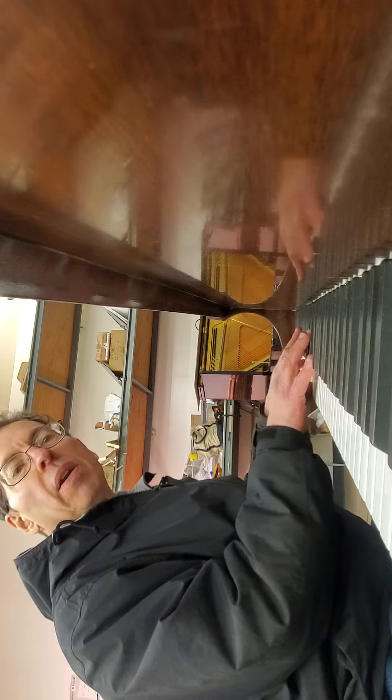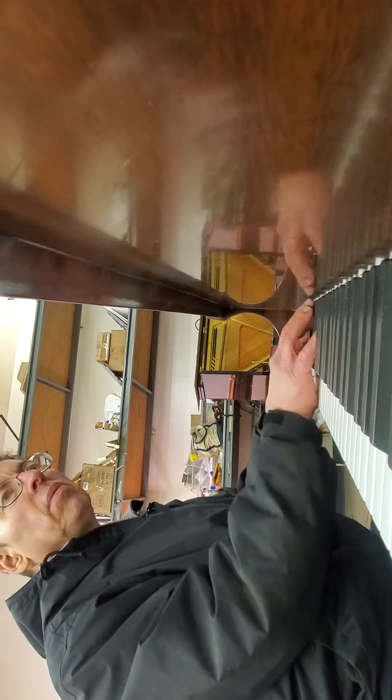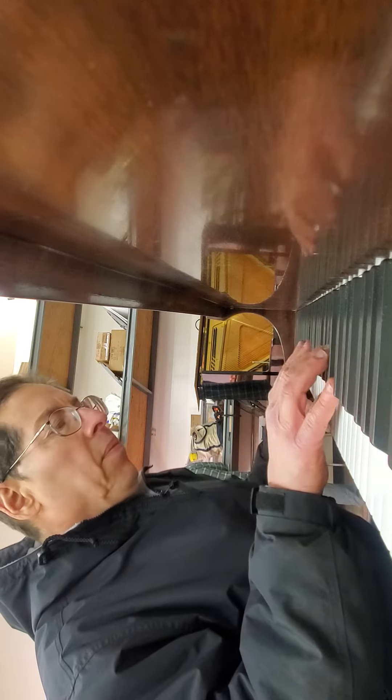Beautiful sound and great action. Such a pleasure to play this piano. Hard to stop. Finishes in excellent condition. Very pretty indeed.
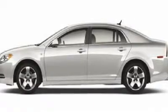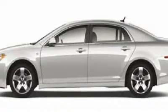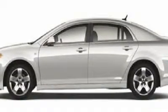Here it is. How nice is this. Just in, this superb looking 2008 Chevrolet Malibu comes with a DOHC engine in FWD.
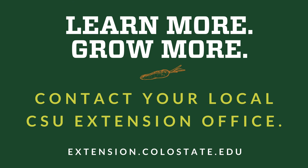Learn more, grow more. Contact your local Colorado State University Extension Office.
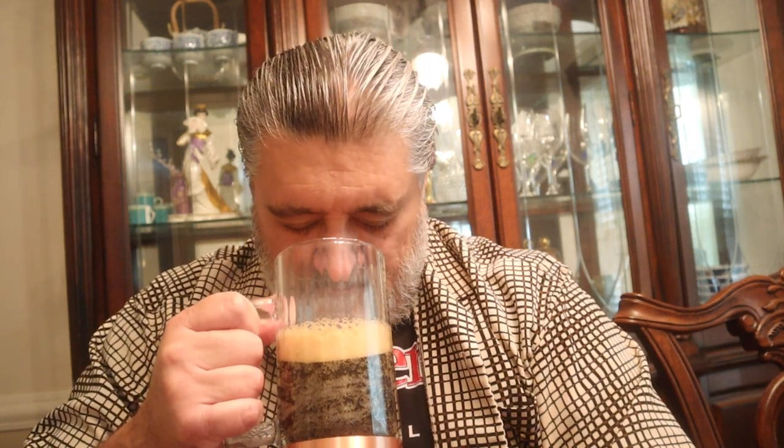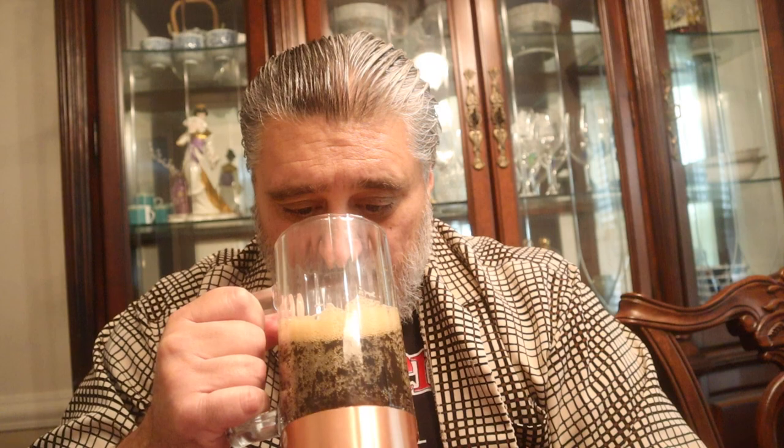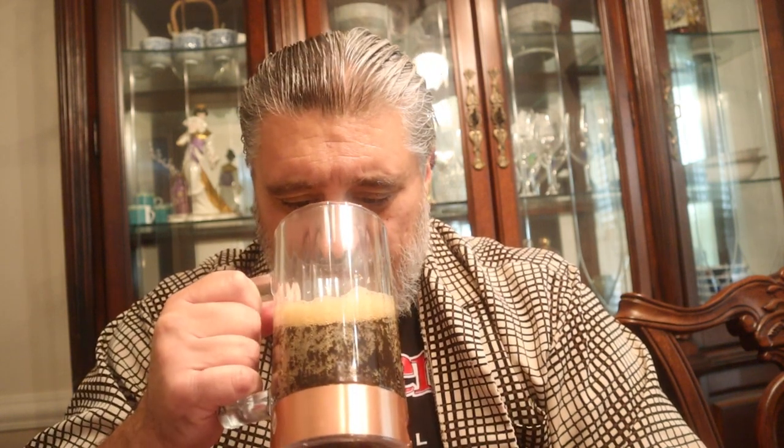Cheers, my friends. Roasted malts — it smells like the chocolate syrup right here. Almost like milk. With the undertone of the porter coming up. Nice, nice smell. Let's see what we've got on the palate.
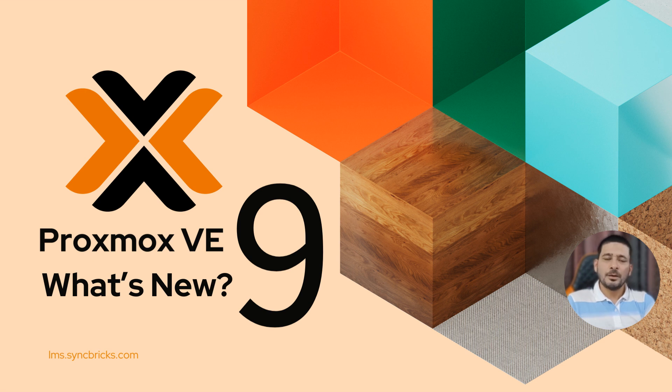Proxmox V9.0 is finally here, and while it's still in beta, it brings a wave of exciting features and updates. Built on Debian 13, this version sets the foundation for the next generation of virtualization. In this video, let's take a quick look at what's new, what's improved, and what makes this release worth exploring.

--------------------------------------------------

■ Task brief
Write back word for word every line in the entries above from the one with "Learn more, grow" to the one with "Cheers, my friends.", ends included, and none of the pictures.

■ Solved problem
Learn more, grow more. Contact your local Colorado State University Extension Office.
Cheers, my friends. Roasted malts — it smells like the chocolate syrup right here. Almost like milk. With the undertone of the porter coming up. Nice, nice smell. Let's see what we've got on the palate.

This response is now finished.